May 15th -16th
World Flight Crosses the Pacific!
by Lt. L.P. Arnold "Chicago" Mechanic
Sort of a case of "As you like it." Having crossed the 180th meridian time advances a whole day so while we left Wednesday morning and flew five hours, we arrived Thursday afternoon.
We arose at five this morning and after much delay secured suitable weather reports and left Attu at 11:25. At 12:05 we passed the end of North America and headed west across the Pacific for the Kurile Islands. At 12:20 we passed our ever present friend the Haida some miles out to sea and rolling heavily -- all hands were on deck to wave to us as we sailed by and to better observe some deck signals we circled around her once and then shot on.
The weather was most peculiar -- to the south of us we could always see snow and squalls while to the north it was clear as a bell. Gradually we were being forced to the north and as the middle of the Bering Sea is no place for airplanes to tangle up with snow storms we altered our course and headed for the Commandorsky [sic] Islands, which we reached at 3:05. Three hours over the sea and then to absolutely strike your mark was a clever piece of navigation and Smith cannot be given too much credit for same.
Copper Island was the first place we struck and while it's not anything to look at, it sure looked good to us. We then headed northwest to Bering Island thru a snow squall, and at five landed in Nikoloski Harbor alongside the Eider, which was here just in case of emergency. These islands being Russian and there being no diplomatic relations between them and the U.S. makes it somewhat embarrassing. The port officials came aboard and while very pleasant informed us that we'd have to stay aboard the Eider and that they had wired Russia regarding us -- but if only we have decent weather in the morning we will be gone.
The harbor here is very much exposed to the southwest and quite a ground swell is rolling -- at present there is a light north wind and as long as it stays there we should be O.K., but I'd hate to see a southwester.
One thing strange to us is the long hours of daylight -- at four in the morning it is light enough to work and we have just stopped now, at ten o'clock.

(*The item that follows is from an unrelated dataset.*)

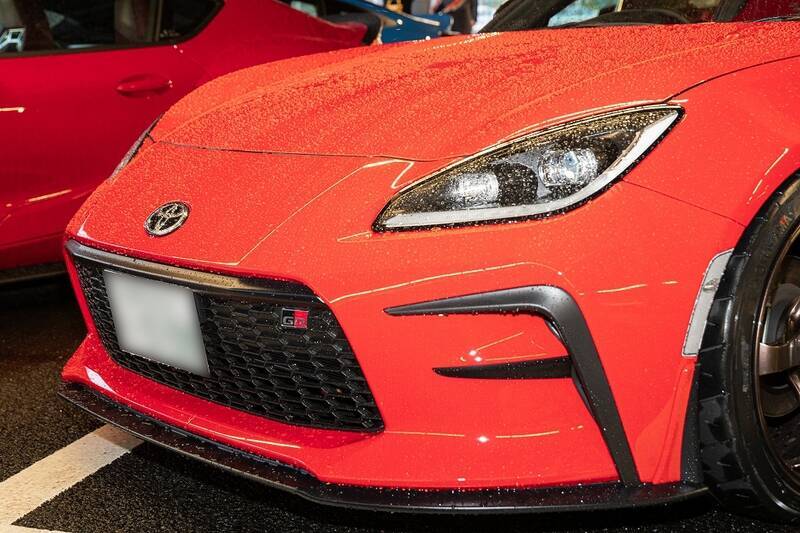 織戸学選手も参加！ スープラと86をテーマに100台以上が早朝の東雲に集合！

by Lt. L. H. Smith Commanding
For this flight, it was planned to have Haida about 50 miles from Attu Island with the Eider off the Komandorski's. Weather messages from the Eider were relayed to us through the Haida and thence to the shore station. On May 15th, favorable weather reports were received late in the morning. The flight took off at 11:25, passing the Haida at 12:30, 30 miles from shore, and arrived at Komandorski Islands at 4:50, where it was deemed advisable to remain overnight because of various conditions which would make the continuation of the flight to Paramusshiru impracticable. The Eider placed satisfactory mooring for us. The Russian authorities at Nicholski boarded the Eider to determine our mission and authority for visiting Russian Territory. A satisfactory explanation was given to them and they sent a radio message to the Soviet Government requesting permission for us to come ashore.